> _ASSIGNED TASK_
Quote the entries below from the line with "Image showing Animals" through the line with "Pantalon joli motif léopard (Image 1)", both ends included, and only those lines.

> _EXTRACTED MATERIAL_
= Beginning of Section =

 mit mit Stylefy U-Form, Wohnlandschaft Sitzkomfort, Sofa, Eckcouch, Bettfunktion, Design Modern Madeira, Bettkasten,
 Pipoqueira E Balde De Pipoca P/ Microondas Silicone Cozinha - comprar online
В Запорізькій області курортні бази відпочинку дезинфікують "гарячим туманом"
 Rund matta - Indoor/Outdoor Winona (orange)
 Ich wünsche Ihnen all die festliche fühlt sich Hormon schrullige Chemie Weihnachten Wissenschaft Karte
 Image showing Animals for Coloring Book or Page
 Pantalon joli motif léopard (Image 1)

= End of Section =
= Beginning of Section =

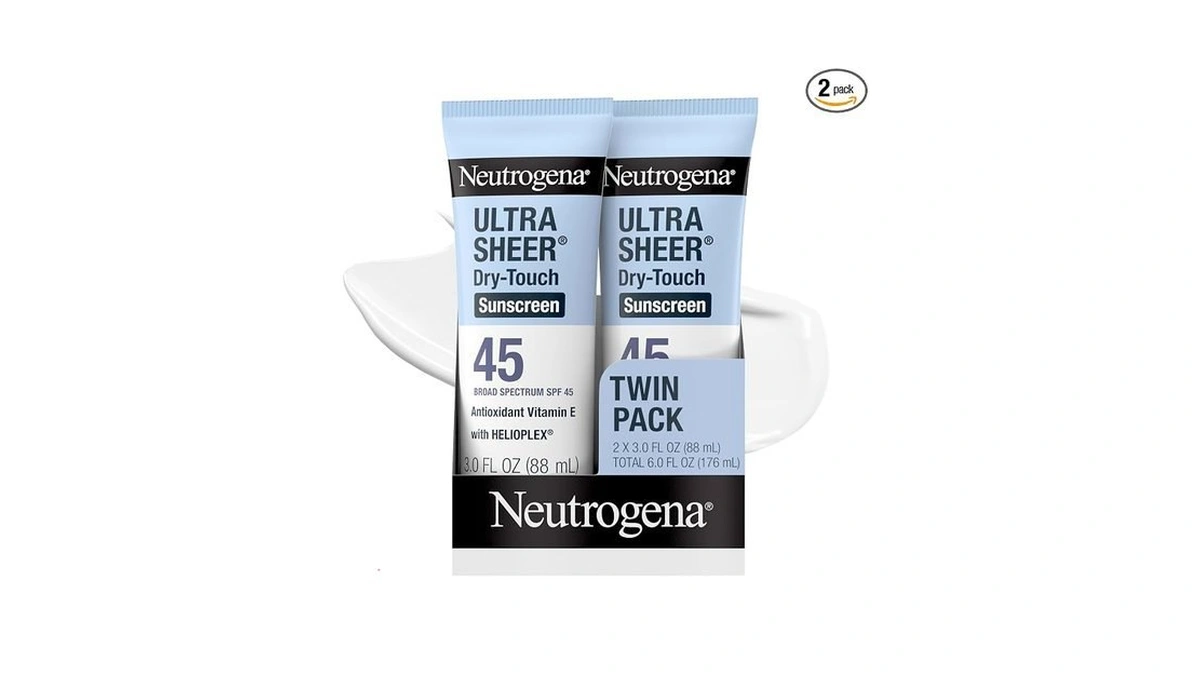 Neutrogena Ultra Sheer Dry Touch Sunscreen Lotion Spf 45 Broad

= End of Section =
= Beginning of Section =

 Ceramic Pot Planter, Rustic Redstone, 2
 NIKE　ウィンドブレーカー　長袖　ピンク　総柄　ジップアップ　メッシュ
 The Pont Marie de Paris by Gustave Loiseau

= End of Section =

> _EXERCISE ANSWER_
 Image showing Animals for Coloring Book or Page
 Pantalon joli motif léopard (Image 1)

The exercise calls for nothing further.